Finding Forrester: Losing reality

Grant J.

Rating: 2 stars (out of 4)


Finding Forrester is above all a shameless attempt to cash in on phony Hollywood sentimentality.  A distant cousin and knock-off of the infinitely superior Good Will Hunting, it runs on a weak script that provides little more than contrived situations and uninspiring characters.  Gus Van Sant, director of Hunting, can’t come close to saving it.

Jamal Wallace (Rob Brown), growing up in New York, is both a basketball star and talented writer.  He tries to keep his intellect hidden, confining his thoughts to notebooks.  William Forrester (Sean Connery) wrote one great novel and then became a reclusive hermit.  He spends part of his endless free time spying on the boys playing basketball near his apartment.  One day, Jamal takes a dare and sneaks into Forrester’s apartment, accidentally leaving behind his backpack in his haste to escape.  Before long, the two become friends, with Forrester helping Jamal with his writing.

This template has been done before, and Forrester adds nothing to the genre.  The Boo Radley persona of Connery’s character feels contrived to me, especially since we never really learn anything about him.  His relationship with Jamal is, naturally, the film’s center, but neither of the characters ever achieves a depth beyond that which you could have learned from a biographical sketch.  The film strives to equalize the two, rather than making Jamal dominate, but they’re both bland.  We’re supposed to believe that Forrester accepts his first friend in decades because he likes his writing, but that doesn’t come through—to me, he just seems bored.

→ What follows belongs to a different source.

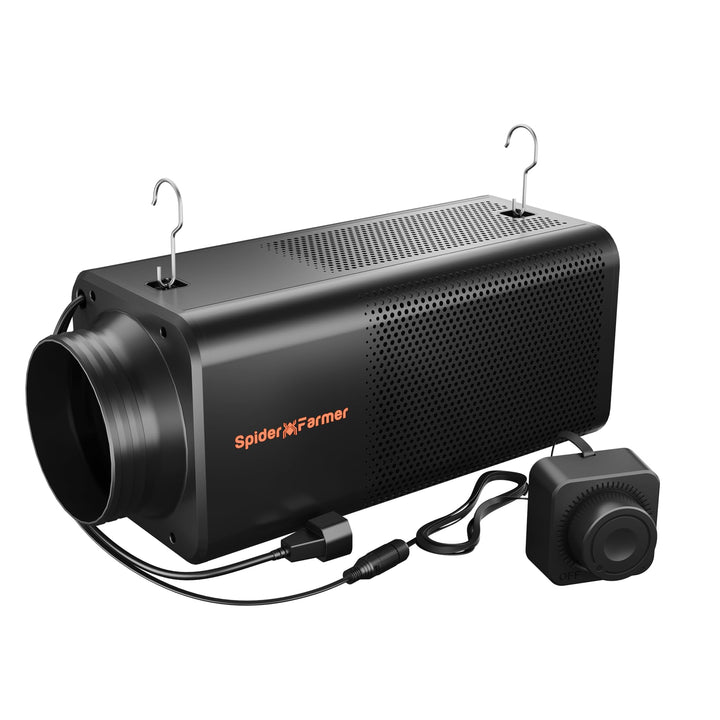 Spider Farmer 2 in 1 Aktivkohlefilter Abluft Lüfter, Rohrventilator 150mm/6 Inch Abluftset, mit RJ12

Jamal, on the basis of his strong test scores, transfers to a white-bred prep school in Manhattan, where he feuds on the basketball court with an obnoxious student, flirts with a more appealing one, Claire, (Anna Paquin) and faces derision and slander from a teacher, Robert Crawford (F. Murray Abraham).  Not one of these storylines comes to a satisfying conclusion or enhances Jamal’s character in any way.  The punishment for Jamal’s sparring on the basketball court comes in the form of a free-throw shooting contest that just feels fake.  His relationship with Claire is straight out of screenwriting school and goes nowhere.  And giving Jamal an artificial villain, while drawing the battle lines in such black-and-white strokes, further erodes the film’s credibility.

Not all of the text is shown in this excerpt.